Could you write out exactly the lines from the one that contains "พลิกชะตาคว้าไอเทมระดับเทพ ตอนที่ 31" through the last line of the listing below, both included and nothing more?

○ ○ ○ ○

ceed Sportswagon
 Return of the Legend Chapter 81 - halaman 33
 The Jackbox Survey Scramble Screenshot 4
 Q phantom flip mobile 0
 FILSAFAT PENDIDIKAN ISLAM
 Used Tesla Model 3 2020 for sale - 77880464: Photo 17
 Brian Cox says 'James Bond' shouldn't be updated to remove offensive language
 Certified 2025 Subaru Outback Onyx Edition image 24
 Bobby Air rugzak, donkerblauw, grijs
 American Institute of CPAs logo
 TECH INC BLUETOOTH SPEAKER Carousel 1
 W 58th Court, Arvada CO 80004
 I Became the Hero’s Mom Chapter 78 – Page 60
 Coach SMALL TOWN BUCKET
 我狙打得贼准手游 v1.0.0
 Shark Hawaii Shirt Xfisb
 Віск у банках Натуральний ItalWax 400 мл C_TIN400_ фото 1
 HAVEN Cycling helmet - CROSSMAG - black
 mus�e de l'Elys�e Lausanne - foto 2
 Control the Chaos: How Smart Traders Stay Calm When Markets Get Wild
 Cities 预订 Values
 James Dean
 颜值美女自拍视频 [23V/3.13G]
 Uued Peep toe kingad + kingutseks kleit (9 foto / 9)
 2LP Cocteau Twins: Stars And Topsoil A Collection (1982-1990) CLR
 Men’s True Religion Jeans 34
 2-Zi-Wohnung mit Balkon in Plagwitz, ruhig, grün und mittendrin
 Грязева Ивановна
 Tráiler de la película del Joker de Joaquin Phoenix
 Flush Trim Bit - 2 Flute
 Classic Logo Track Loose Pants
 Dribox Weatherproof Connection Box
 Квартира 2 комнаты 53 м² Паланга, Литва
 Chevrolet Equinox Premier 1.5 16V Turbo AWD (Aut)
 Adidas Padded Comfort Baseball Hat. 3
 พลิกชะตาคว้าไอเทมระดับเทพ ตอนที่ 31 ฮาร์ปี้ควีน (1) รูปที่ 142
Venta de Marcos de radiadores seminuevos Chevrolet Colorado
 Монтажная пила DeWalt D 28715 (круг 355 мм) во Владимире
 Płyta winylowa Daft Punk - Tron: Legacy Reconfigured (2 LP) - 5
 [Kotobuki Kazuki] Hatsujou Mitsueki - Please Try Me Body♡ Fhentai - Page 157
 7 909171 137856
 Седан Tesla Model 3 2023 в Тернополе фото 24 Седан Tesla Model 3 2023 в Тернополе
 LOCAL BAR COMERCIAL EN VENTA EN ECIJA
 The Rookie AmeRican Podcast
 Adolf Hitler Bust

○ ○ ○ ○

SOLUTION
 พลิกชะตาคว้าไอเทมระดับเทพ ตอนที่ 31 ฮาร์ปี้ควีน (1) รูปที่ 142
Venta de Marcos de radiadores seminuevos Chevrolet Colorado
 Монтажная пила DeWalt D 28715 (круг 355 мм) во Владимире
 Płyta winylowa Daft Punk - Tron: Legacy Reconfigured (2 LP) - 5
 [Kotobuki Kazuki] Hatsujou Mitsueki - Please Try Me Body♡ Fhentai - Page 157
 7 909171 137856
 Седан Tesla Model 3 2023 в Тернополе фото 24 Седан Tesla Model 3 2023 в Тернополе
 LOCAL BAR COMERCIAL EN VENTA EN ECIJA
 The Rookie AmeRican Podcast
 Adolf Hitler Bust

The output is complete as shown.